Endpoint titers were plotted for each sample, using background subtracted data. Negative and positive controls were used to standardize each assay and normalize across experiments. A positive control standard was created by pooling plasma from 6 convalescent COVID-19 donors to normalize between experiments. The limit of detection (LOD) was defined as 1:3 for IgG, 1:10 for IgA. Limit of sensitivity (LOS) for SARS-CoV-2 infected individuals was established based on uninfected subjects, using plasma from normal healthy donors never exposed to SARS-CoV-2. For cross-sectional analyses, modeling for the best fit curve (e.g., one phase decay versus simple linear regression) was performed using GraphPad Prism 8.0. Best curve fit was defined by an extra sum-of-squares F Test, selecting the simpler model unless P < 0.05 (84). Continuous decay (linear regression), one-phased decay, or two-phased decay of log data were assessed in all cases, with the best fitting statistical model chosen based on the F test; in several cases a quadratic equation fit was also considered. To calculate the t1/2, log2 transformed data was utilized. Using the best fit curve, either a one phase decay non-linear fit or a simple linear regression (continuous decay) was utilized. For simple linear regressions, Pearson R was calculated for correlation using log2 transformed data. For one phase decay non-linear fit, R was reported. For longitudinal samples, a simple linear regression was performed, with t1/2 calculated from log2 transformed data for each pair. For gender analyses, modeling and t1/2 was performed similar to cross-sectional analyses; ANCOVA (VassarStats or GraphPad Prism 8.4) was then performed between male and female data sets. ANCOVA p-values of the adjusted means were reported and considered significant if the test for homogeneity of regressions was not significant.
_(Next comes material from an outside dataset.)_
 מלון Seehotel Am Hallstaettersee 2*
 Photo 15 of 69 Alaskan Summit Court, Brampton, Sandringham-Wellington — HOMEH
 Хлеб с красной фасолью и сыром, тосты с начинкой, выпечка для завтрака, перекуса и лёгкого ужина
Neutralizing antibody assays
The pseudovirus neutralizing antibody assay was performed as previously described (5). Briefly, Vero cells were seeded in 96-well plates to produce a monolayer at the time of infection. Pre-titrated amounts of rVSV-SARS-Cov-2 (phCMV3-SARS-CoV-2 Spike SARS-CoV-2-pseduotyped VSV-ΔG-GFP were generated by transfecting HEK293T cells, ATCC CRL-3216) were incubated with serially diluted human plasma at 37°C for 1 hour before addition to confluent Vero cell monolayers (ATCC CCL-81) in 96-well plates. Cells were incubated for 12-16 hours at 37°C in 5% CO2. Cells were then fixed in 4% paraformaldehyde, stained with 1μg/mL Hoechst, and imaged using a CellInsight CX5 imager to quantify the total number of cells expressing GFP. Infection was normalized to the average number of cells infected with rVSV-SARS-CoV-2 incubated with normal human plasma. The limit of detection (LOD) was established as < 1:20 based on plasma samples from a series of unexposed control subjects. Negative signals were set to 1:19. Neutralization IC50 titers were calculated using One-Site Fit LogIC50 regression in GraphPad Prism 8.0.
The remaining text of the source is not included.